Tribune. Depuis le début des années 1970, les dépenses de santé en France augmentent systématiquement plus vite que le produit intérieur brut (PIB). Leur part dans le PIB est ainsi passée de 7,6 % en 1980 à 9,4 % en 1994 et à 11 % depuis le milieu des années 2010, soit l’un des ratios les plus élevés du monde. Pour faire face à cette augmentation, la France semble avoir tenté toutes les formes de régulation possibles : par les prix, par la négociation, par l’étatisation, par la privatisation.
Au cours des années 1970, les pouvoirs publics ont d’abord cherché à bloquer les prix. Les hôpitaux ont vu le niveau du « prix de journée », qui permet leur financement et est fixé par l’Etat, ne progresser que très lentement, moins vite que l’inflation. Les tarifs de la Sécurité sociale pour les honoraires des professionnels de santé n’évoluaient pas aussi vite que les salaires. Le prix des médicaments était fixé à des tarifs relativement bas par rapport à ceux des pays étrangers.

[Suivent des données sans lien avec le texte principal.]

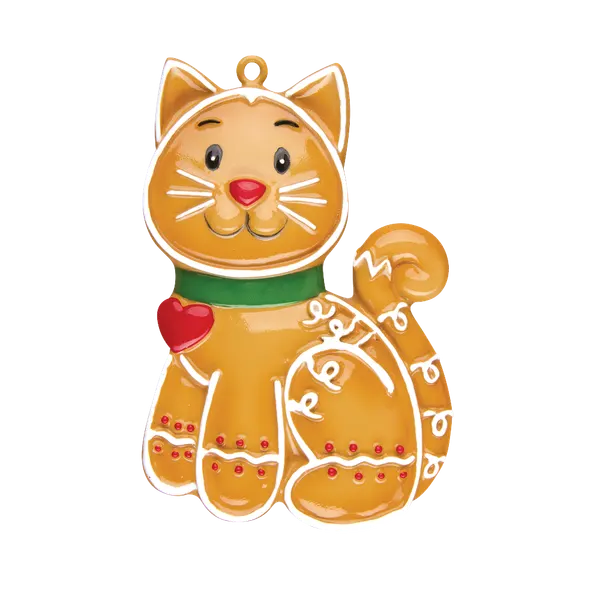 OR1221 - Gingerbread Cat Personalised Christmas Decoration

Mais cette stratégie n’a guère ralenti la hausse des dépenses, car les acteurs compensaient ce quasi-gel des tarifs en augmentant le volume de leur activité : prolongation des séjours en hôpital, multiplication des consultations médicales et des prescriptions de médicaments.
Obliger les professions médicales à négocier
Faute de parvenir à réguler l’offre de soins par les prix, les gouvernements ont alors diminué les remboursements et augmenté les prélèvements obligatoires : création du forfait hospitalier en 1983 – 20 francs, soit 3 euros à l’époque, 20 euros aujourd’hui ; augmentation des « tickets modérateurs » – passés d’un niveau théorique d’ensemble de 20 % en 1945 à 45 % pour les soins de ville en moyenne, d’après les calculs de Didier Tabuteau et Pierre-Louis Bras dans Les Assurances maladie (Que sais-je, PUF, 2012) ; hausse des cotisations d’assurance-maladie et des taxes sur le tabac, l’alcool, les sodas… Naît ainsi le mythe suivant lequel les patients seraient les décideurs en matière de dépenses de santé, et qu’il convenait par conséquent de modérer leur demande par une augmentation de la part des frais de santé laissée à leur charge. Mais comme les mutuelles remboursent une grande partie de ce reste à charge, cette augmentation n’a fait que transférer des dépenses vers les assurances complémentaires qui, en retour, augmentent leurs cotisations, sans changer les comportements de santé – à l’exception des personnes privées de mutuelle, qui voient ainsi leur accès aux soins limité, ce qui conduira l’Etat à créer la couverture maladie universelle complémentaire (CMUC) en 2000.